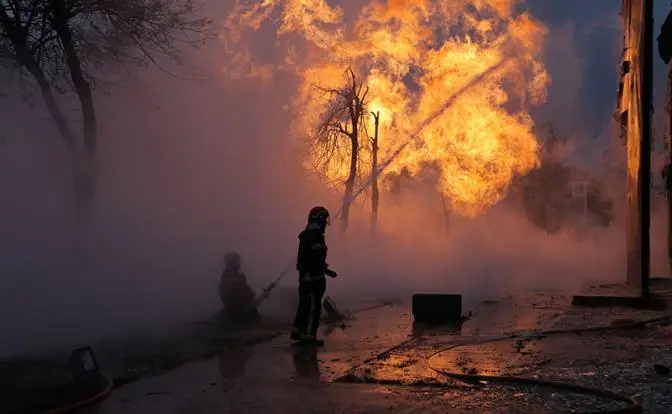 Теперь и атомный апокалипсис: ВС РФ останавливают украинские АЭС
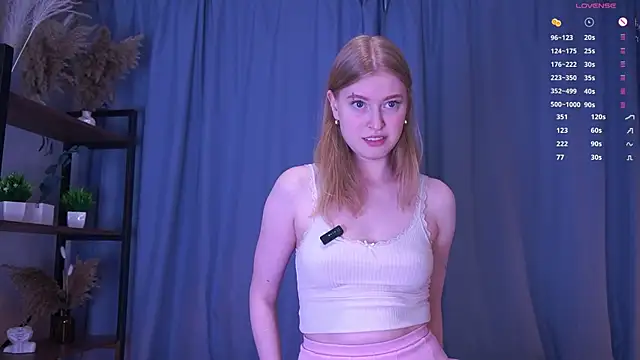 LanaRoxxy online show from 5, 4, 2026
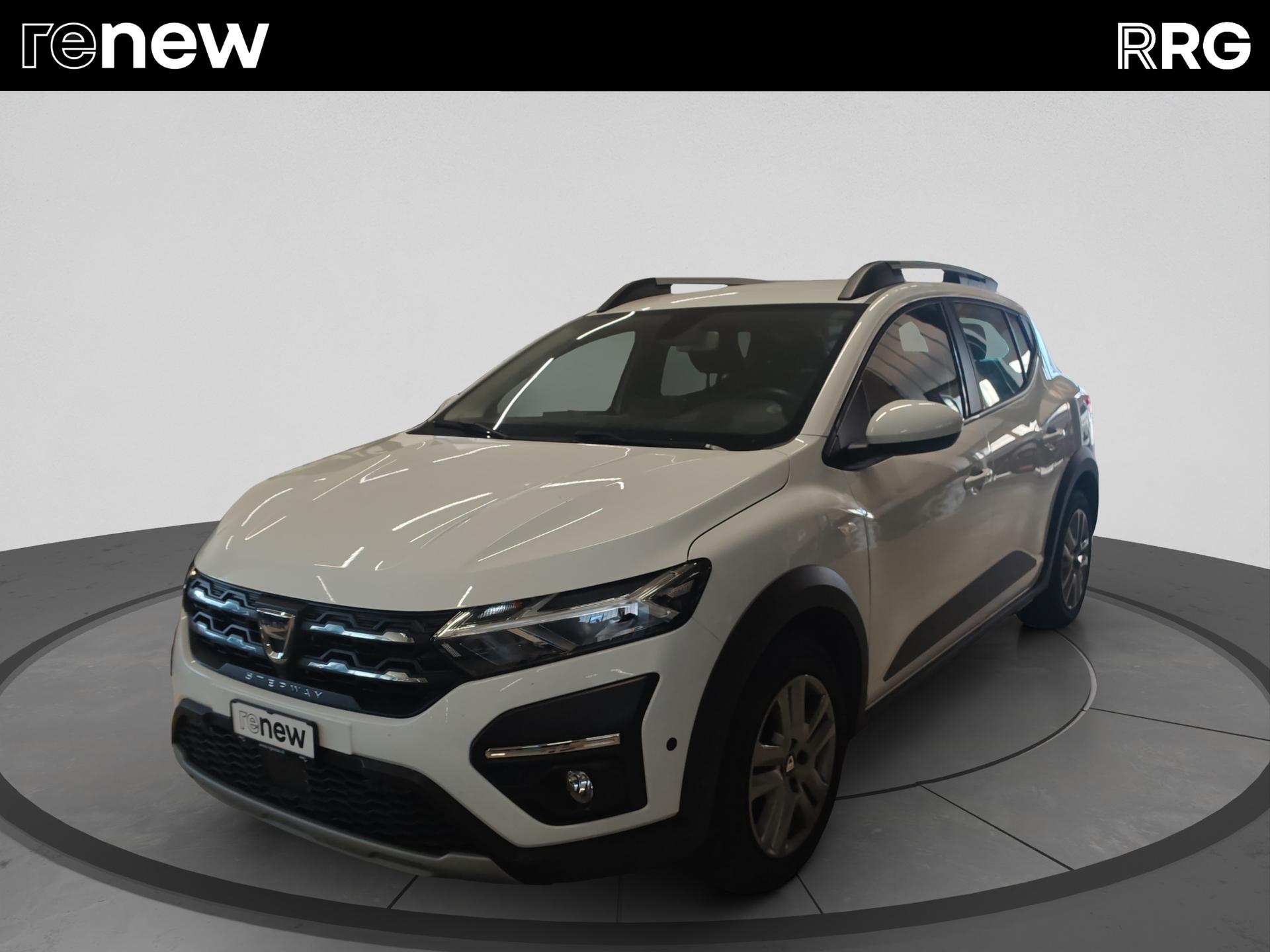 DACIA Sandero Stepway TCe 90 Comfort-image-6
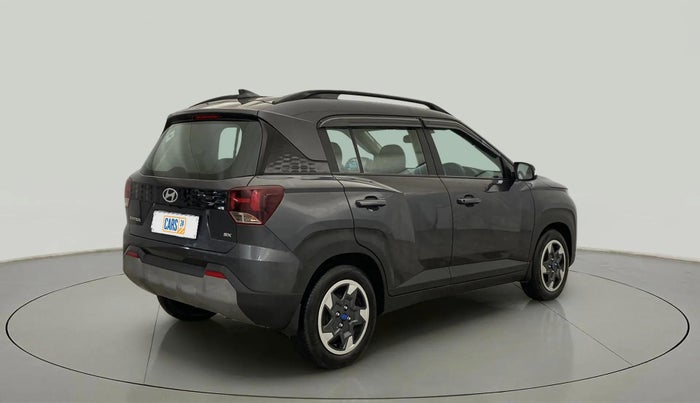 2023 Hyundai EXTER SX 1.2 CNG MT, CNG, Manual, 11,946 km, Right Back Diagonal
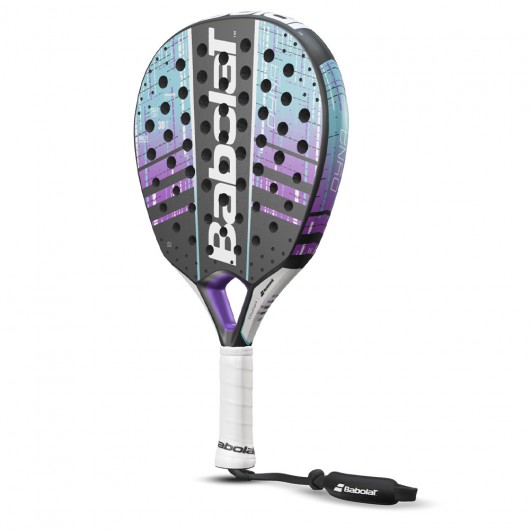 Ракетка для падел-тенісу Babolat DYNA SPIRIT 150128/100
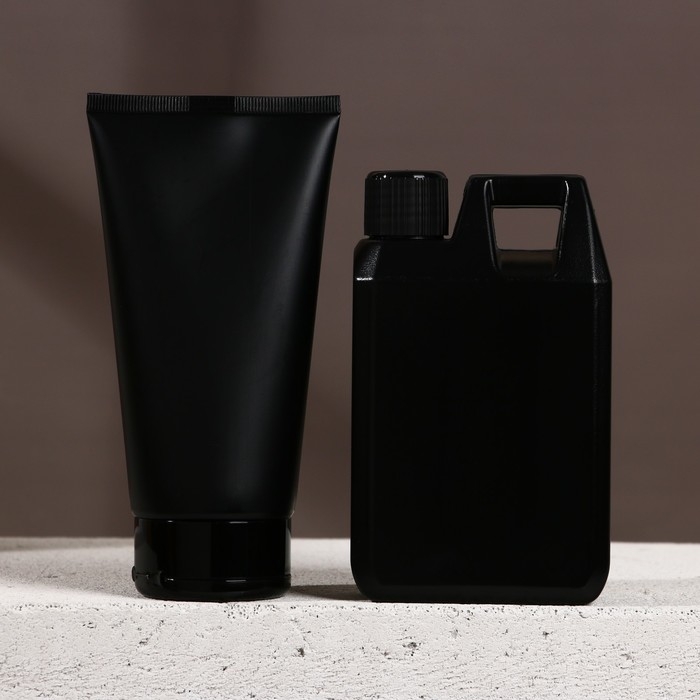 Подарочный набор косметики &laquo;Пробуждающий огонь&raquo;, гель для душа 300 мл и гель для бритья 110 мл, HARD LINE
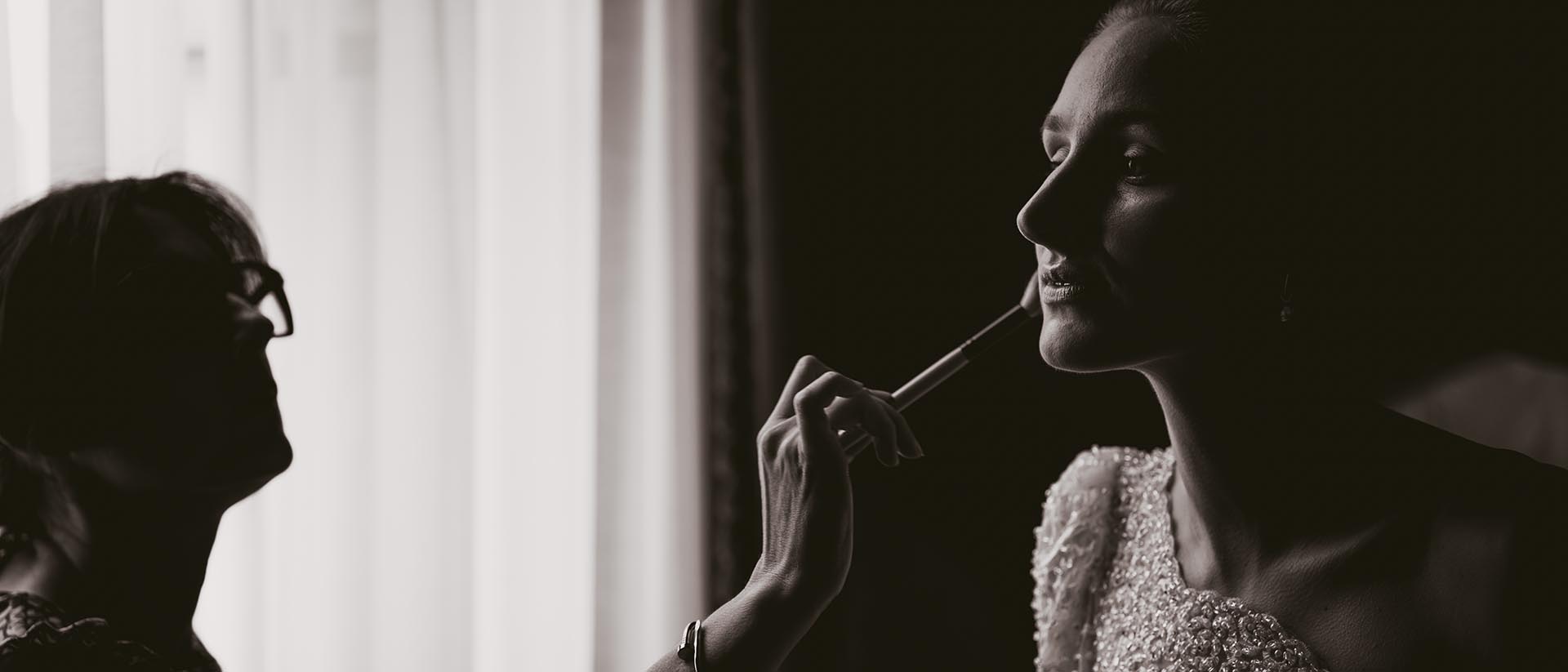 Perchè scegliere il bianco e nero nella fotografia di matrimonio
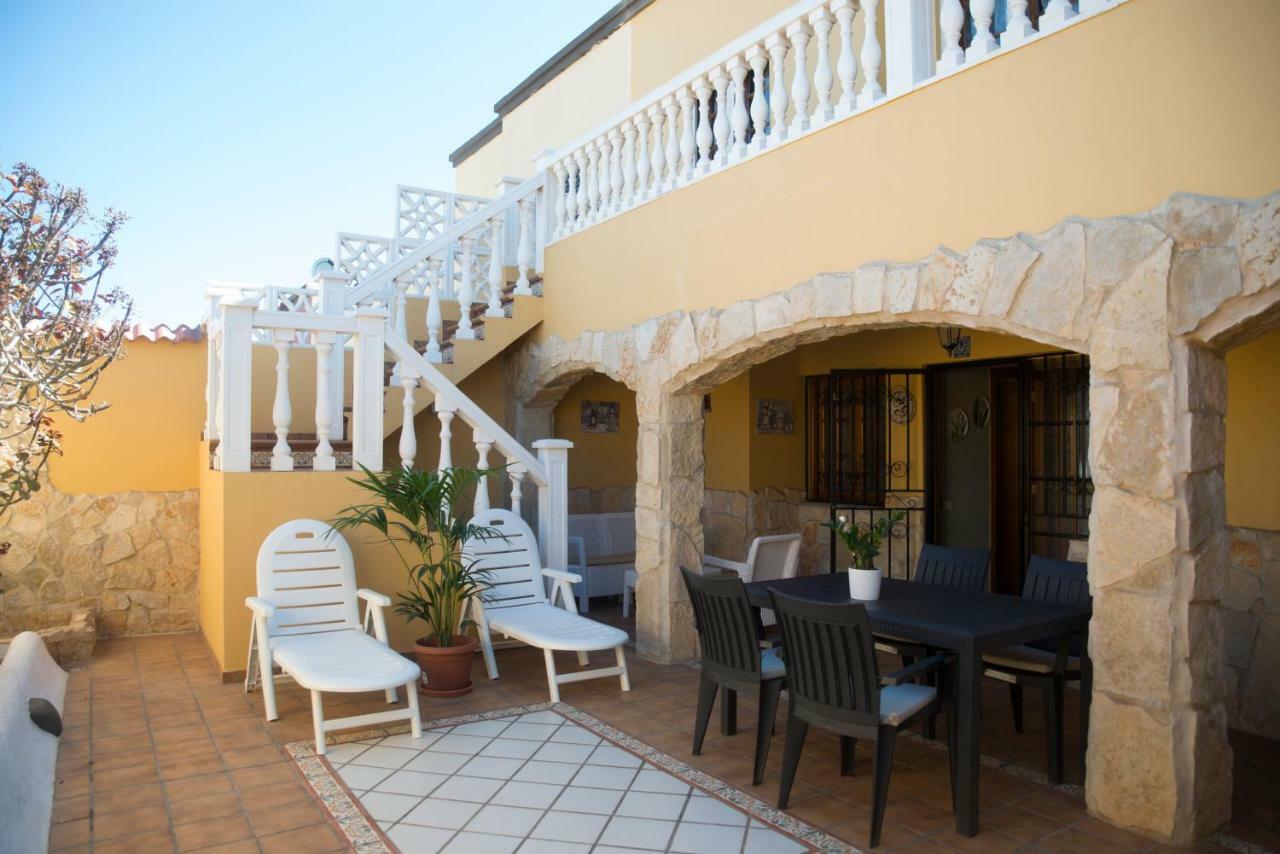 La Dama Del Mar Villa Telde Exteriör bild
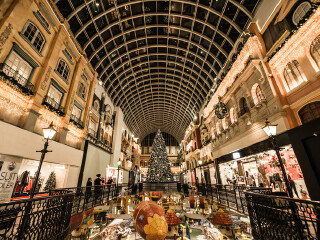 西埃德蒙顿购物中心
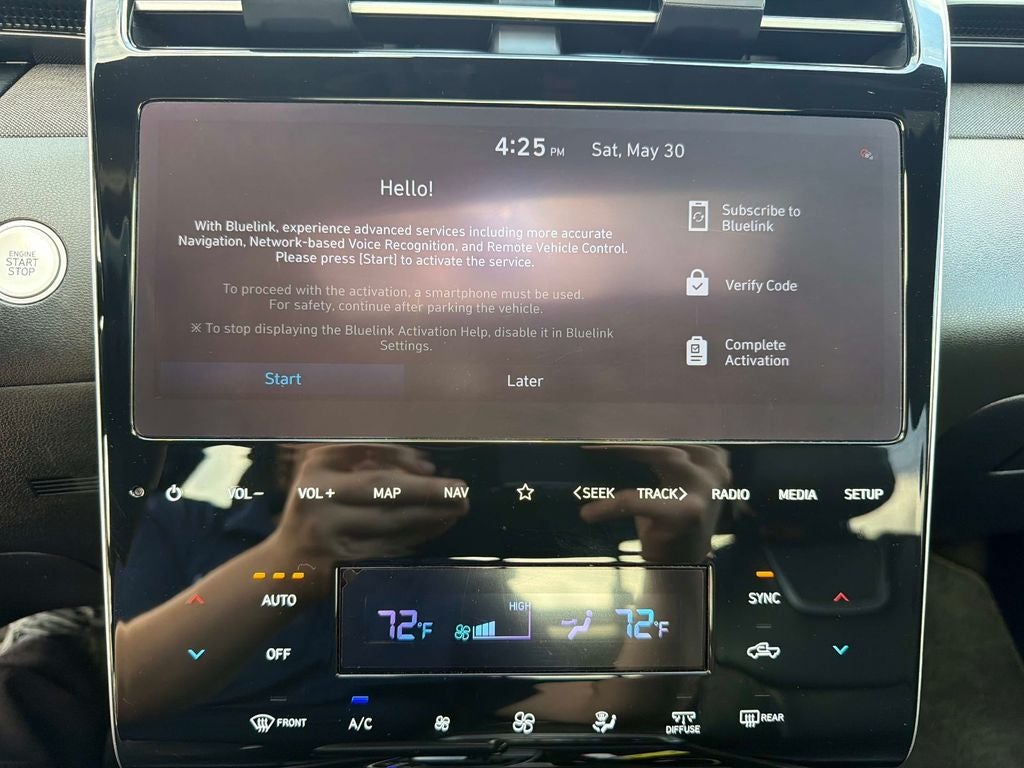 2022 Hyundai Santa Cruz Limited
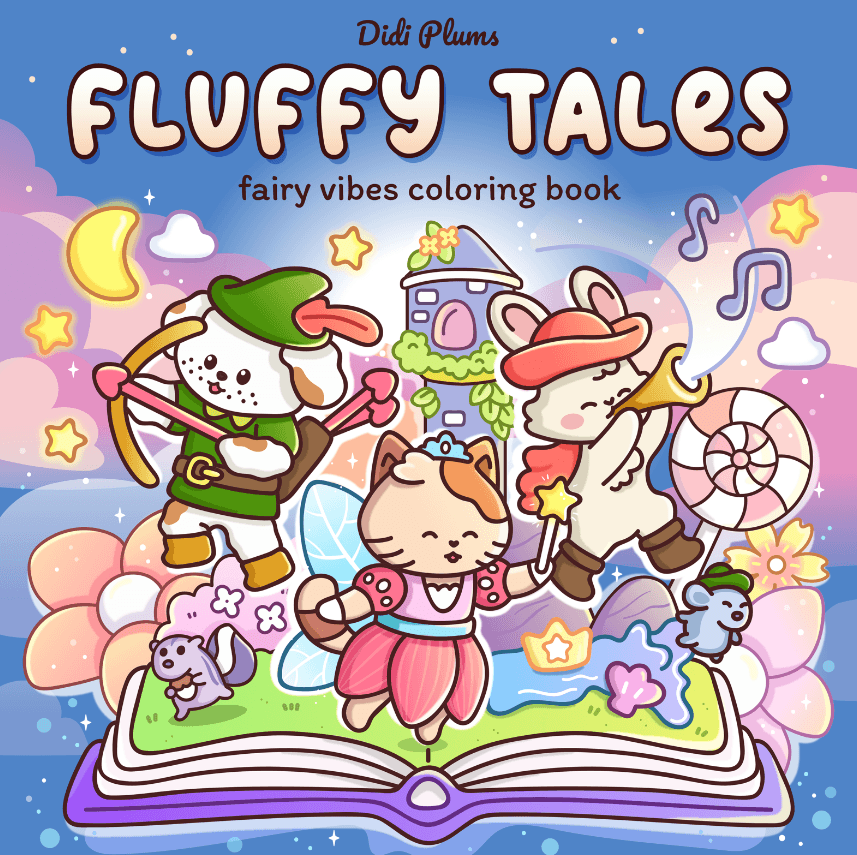 Fluffy Tales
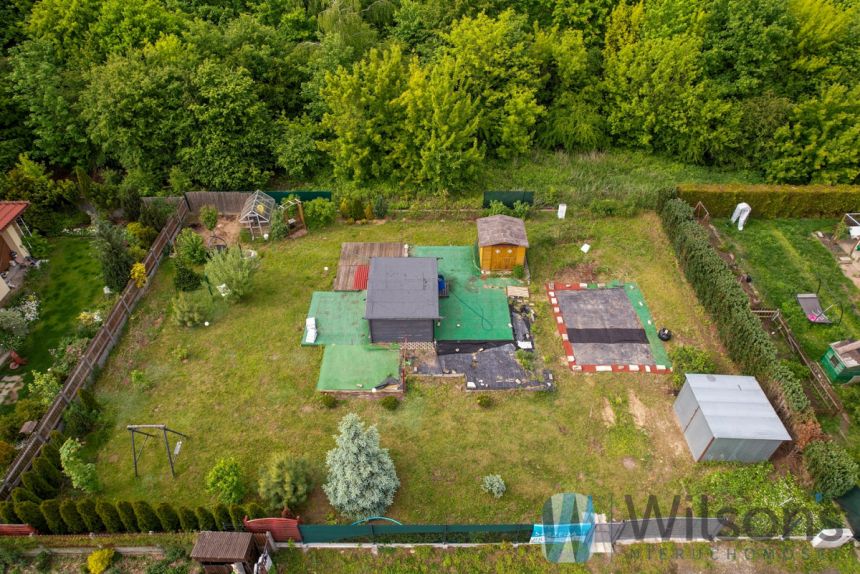 Warszawa Białołęka, 988 000 zł, 7 ar, droga dojazdowa utwardzona miniaturka 4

--- PROBLEM TO WORK ON ---
Transcribe exactly the lines that go from the one holding "Perchè scegliere il" through the last line of the entries, both included, and nothing besides them. Do not include any pictures.

--- FINAL ANSWER ---
 Perchè scegliere il bianco e nero nella fotografia di matrimonio
 La Dama Del Mar Villa Telde Exteriör bild
 西埃德蒙顿购物中心
 2022 Hyundai Santa Cruz Limited
 Fluffy Tales
 Warszawa Białołęka, 988 000 zł, 7 ar, droga dojazdowa utwardzona miniaturka 4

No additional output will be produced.